Our Lady of Lourdes, I prayed, please let me be brave. Let me be good. Let me stand up to her. In the silence that followed while I waited for some kind of sign, Kenzie picked up her bag of cheese puffs and her Diet Coke. She shook out her hair, stood up, and walked toward me, her micro-mini uniform skirt swishing ominously. Sapphire and Emily gathered up their lunches and followed her.

When she got to my table, Kenzie yanked out an empty chair, sat down across from me, and cracked open her pop.

“Okay,” she said. “If there’s something wrong with that table, then we’ll come to you.”

“Um,” I said. Then my tongue turned into paper. I’d used up the little courage I had on my long march across the cafeteria to this table for one and now I had none left.
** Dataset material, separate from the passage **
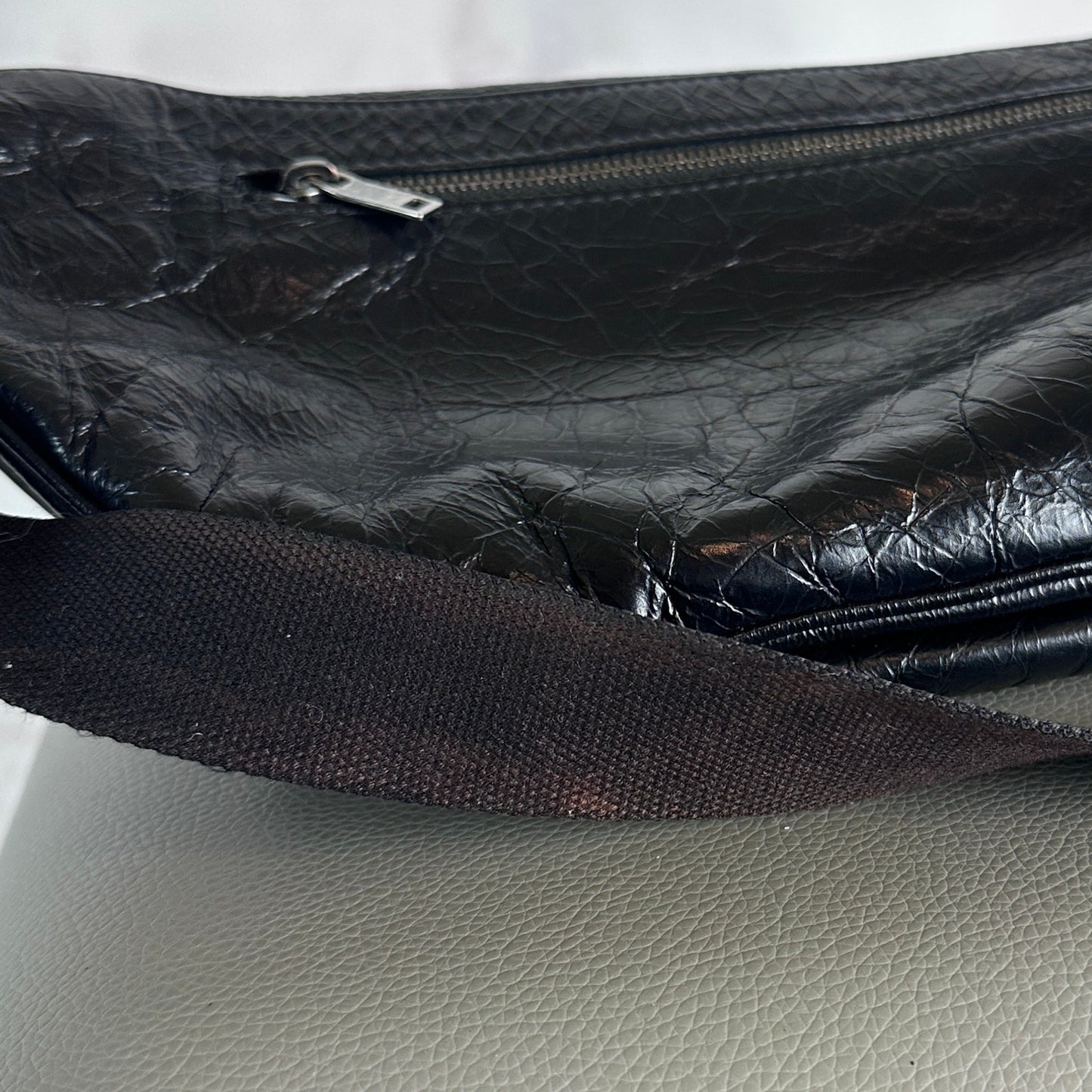 Saint Laurent Paris Black Leather Belt Bag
I suddenly understood what Sister Dorothy meant when she’d told us once that the right thing is always the hardest thing.

For the rest of the lunch period, it was as if nothing had changed, at least outwardly. I heard all about Kenzie’s new boyfriend, an older guy named Gabe, who was a semiprofessional DJ and had his own apartment in Logan Square. I heard about the sick New Year’s party he’d had there, at which Emily had vomited all over his vintage record player and Sapphire had hooked up with an Italian exchange student named Alessio who wore decorative scarves and had never eaten a hot dog.
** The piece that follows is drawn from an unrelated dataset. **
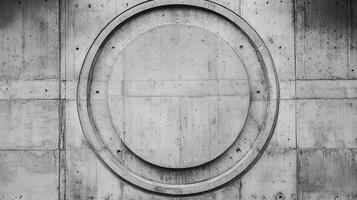 Monochromatic concrete wall with geometric circle design featuring minimalist textures and a symmetrical pattern on a textured backdrop. photo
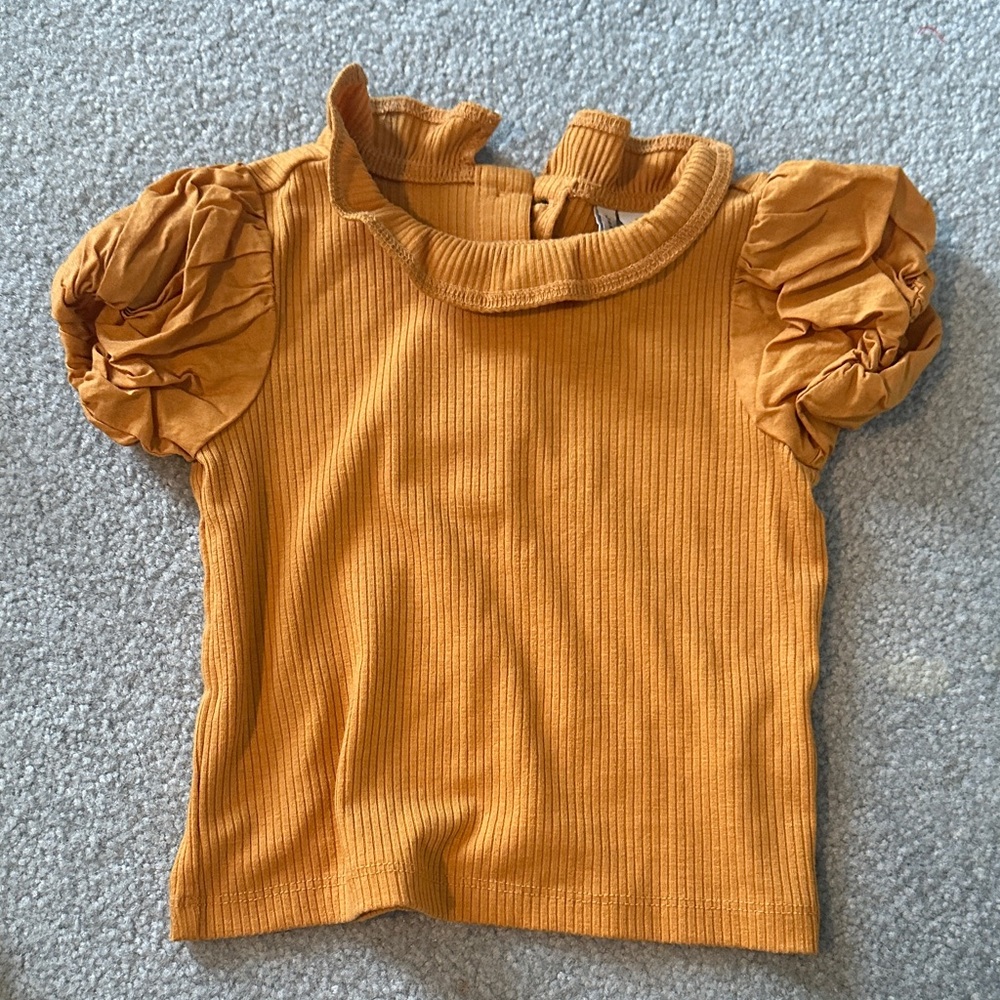 Janie and Jack Golden Ruffle Sleeve Top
“So, are you still grounded or what?” Kenzie finally asked.

“Um, yeah,” I said, concentrating on the little air holes in my sandwich bread.

“For how much longer?”

“My mom didn’t really say. At least another couple weeks.”

“God, your mom’s a bitch.”

I winced. Tino was right: Kenzie really was evil. I felt like grabbing her pink bendy straw and poking her mascara-fringed eyes out with it. “Yeah,” I said instead. “She really is.”